Hey, everyone. I hope you’re all okay and staying stage during this crazy pandemic. I was hoping I could get some advice?

Since August I’ve been having problems with fluid retention in my legs. They get very swollen and very painful. They usually stay like that for a week or two, then it completely disappears... And comes back some weeks later. This has happened three times now (currently experiencing the third episode as I’m writing this). The last time it happened, my doctor arranged for me to have some blood tests to check for fluid around my heart. The result came back with only a little, so it’s a low rated risk of heart failure.

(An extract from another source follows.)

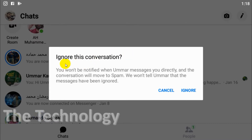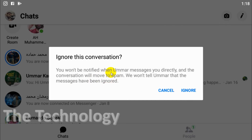Once you click on it, you can see 'Ignore Conversation' — you won't be notified when Umar messages you directly and the conversation will move to spam. We won't tell Umar that the messages have been ignored. So basically, Umar can still send you messages and you will receive them, but they will go to the spam folder and will not appear in your main Messenger inbox.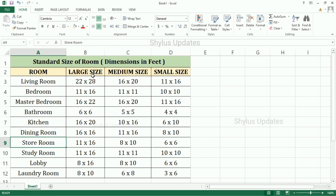Store room — large size: 11 feet into 16 feet. Medium size: 8 feet into 10 feet. Small size: 6 feet into 6 feet. Study room — large size: 11 feet into 16 feet. Medium size: 11 feet into 11 feet. Small size: 10 feet into 10 feet.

But that same doctor said that if it happened again she would likely put me on water tablets, like furosemide.

But... I already pee so so much. During the day it’s nearly once every hour and during the night I have been known to get up THIRTEEN times! Which is crazy all by it’s self. The way that water tablets work is that it makes the fluid in your legs get peed out, instead of just sitting in the limb. So, naturally, water tablets make you pee A LOT.

I don’t know if I’ll be able to cope with it. It’s hard enough now, having to pee all the time and then worry every time I leave the house in case I end up not being close enough to a bathroom...

What do you think I should do? I wear compression stockings and I do leg exercises and massage them as best as I can.

Any advice or tips would be greatly appreciated. Stay safe, my lovelies.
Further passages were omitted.